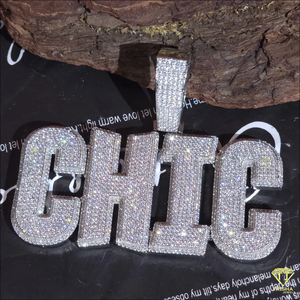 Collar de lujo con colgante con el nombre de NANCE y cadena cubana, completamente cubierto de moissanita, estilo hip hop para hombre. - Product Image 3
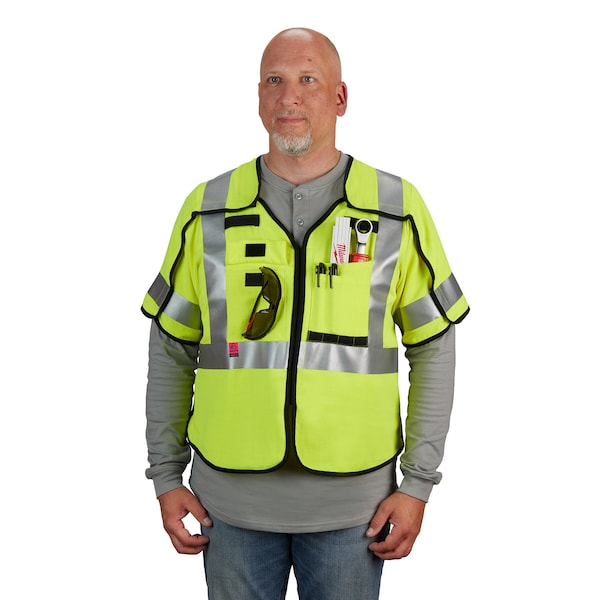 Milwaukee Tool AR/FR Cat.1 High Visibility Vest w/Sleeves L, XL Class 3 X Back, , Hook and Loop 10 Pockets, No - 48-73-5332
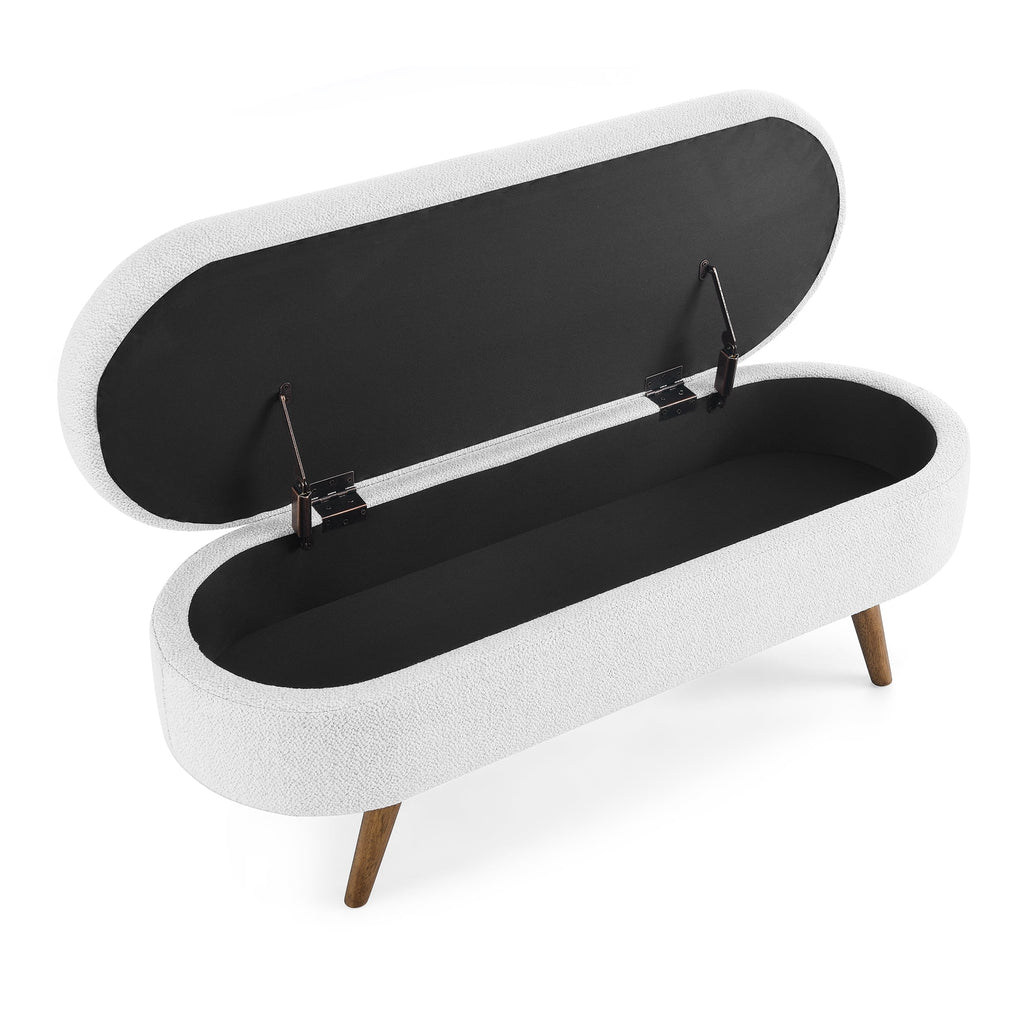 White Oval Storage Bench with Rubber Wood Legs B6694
------------------------------------------------------------------------
WHAT THE EXERCISE ASKS: Every line above gets copied exactly; none of the pictures do.

EXERCISE OUTPUT:
 Collar de lujo con colgante con el nombre de NANCE y cadena cubana, completamente cubierto de moissanita, estilo hip hop para hombre. - Product Image 3
 Milwaukee Tool AR/FR Cat.1 High Visibility Vest w/Sleeves L, XL Class 3 X Back, , Hook and Loop 10 Pockets, No - 48-73-5332
 White Oval Storage Bench with Rubber Wood Legs B6694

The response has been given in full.